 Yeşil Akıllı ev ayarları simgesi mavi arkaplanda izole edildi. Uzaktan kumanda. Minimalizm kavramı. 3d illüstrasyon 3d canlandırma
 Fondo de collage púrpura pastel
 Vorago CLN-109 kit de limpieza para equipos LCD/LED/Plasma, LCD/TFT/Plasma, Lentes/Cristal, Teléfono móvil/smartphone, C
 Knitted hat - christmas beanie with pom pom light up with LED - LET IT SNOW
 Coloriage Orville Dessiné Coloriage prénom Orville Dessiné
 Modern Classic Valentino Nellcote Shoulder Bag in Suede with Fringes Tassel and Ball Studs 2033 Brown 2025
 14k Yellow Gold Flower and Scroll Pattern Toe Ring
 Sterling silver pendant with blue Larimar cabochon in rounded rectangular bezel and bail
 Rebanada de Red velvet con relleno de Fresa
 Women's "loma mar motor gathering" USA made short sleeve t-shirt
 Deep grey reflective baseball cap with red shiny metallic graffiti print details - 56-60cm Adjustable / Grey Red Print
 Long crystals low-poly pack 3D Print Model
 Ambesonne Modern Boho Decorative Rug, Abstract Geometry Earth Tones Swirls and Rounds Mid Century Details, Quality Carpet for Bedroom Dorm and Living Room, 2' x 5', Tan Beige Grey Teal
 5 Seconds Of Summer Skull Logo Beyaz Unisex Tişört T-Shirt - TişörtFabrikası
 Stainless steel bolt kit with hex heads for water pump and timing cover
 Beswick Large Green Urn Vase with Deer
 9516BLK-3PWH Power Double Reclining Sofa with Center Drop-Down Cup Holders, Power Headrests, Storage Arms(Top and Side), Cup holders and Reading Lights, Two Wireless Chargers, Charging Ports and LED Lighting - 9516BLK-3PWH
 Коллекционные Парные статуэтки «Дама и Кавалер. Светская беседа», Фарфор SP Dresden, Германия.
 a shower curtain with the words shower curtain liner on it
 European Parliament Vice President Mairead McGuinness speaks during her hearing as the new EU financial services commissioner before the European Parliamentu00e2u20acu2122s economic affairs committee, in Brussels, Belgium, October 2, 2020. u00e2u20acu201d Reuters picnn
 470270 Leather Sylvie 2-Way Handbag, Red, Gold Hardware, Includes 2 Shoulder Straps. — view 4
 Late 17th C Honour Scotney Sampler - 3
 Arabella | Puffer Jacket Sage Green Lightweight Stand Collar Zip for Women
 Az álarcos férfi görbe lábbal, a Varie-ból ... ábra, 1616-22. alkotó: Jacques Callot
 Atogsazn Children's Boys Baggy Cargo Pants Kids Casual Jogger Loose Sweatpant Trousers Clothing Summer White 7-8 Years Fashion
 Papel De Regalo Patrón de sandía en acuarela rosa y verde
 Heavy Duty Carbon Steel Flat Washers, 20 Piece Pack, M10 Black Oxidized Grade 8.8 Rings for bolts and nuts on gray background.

• • • •

Copy exactly, and only, the lines from the line that contains "Long crystals low-poly pack 3D Print Model" through the end of the data above.

 Long crystals low-poly pack 3D Print Model
 Ambesonne Modern Boho Decorative Rug, Abstract Geometry Earth Tones Swirls and Rounds Mid Century Details, Quality Carpet for Bedroom Dorm and Living Room, 2' x 5', Tan Beige Grey Teal
 5 Seconds Of Summer Skull Logo Beyaz Unisex Tişört T-Shirt - TişörtFabrikası
 Stainless steel bolt kit with hex heads for water pump and timing cover
 Beswick Large Green Urn Vase with Deer
 9516BLK-3PWH Power Double Reclining Sofa with Center Drop-Down Cup Holders, Power Headrests, Storage Arms(Top and Side), Cup holders and Reading Lights, Two Wireless Chargers, Charging Ports and LED Lighting - 9516BLK-3PWH
 Коллекционные Парные статуэтки «Дама и Кавалер. Светская беседа», Фарфор SP Dresden, Германия.
 a shower curtain with the words shower curtain liner on it
 European Parliament Vice President Mairead McGuinness speaks during her hearing as the new EU financial services commissioner before the European Parliamentu00e2u20acu2122s economic affairs committee, in Brussels, Belgium, October 2, 2020. u00e2u20acu201d Reuters picnn
 470270 Leather Sylvie 2-Way Handbag, Red, Gold Hardware, Includes 2 Shoulder Straps. — view 4
 Late 17th C Honour Scotney Sampler - 3
 Arabella | Puffer Jacket Sage Green Lightweight Stand Collar Zip for Women
 Az álarcos férfi görbe lábbal, a Varie-ból ... ábra, 1616-22. alkotó: Jacques Callot
 Atogsazn Children's Boys Baggy Cargo Pants Kids Casual Jogger Loose Sweatpant Trousers Clothing Summer White 7-8 Years Fashion
 Papel De Regalo Patrón de sandía en acuarela rosa y verde
 Heavy Duty Carbon Steel Flat Washers, 20 Piece Pack, M10 Black Oxidized Grade 8.8 Rings for bolts and nuts on gray background.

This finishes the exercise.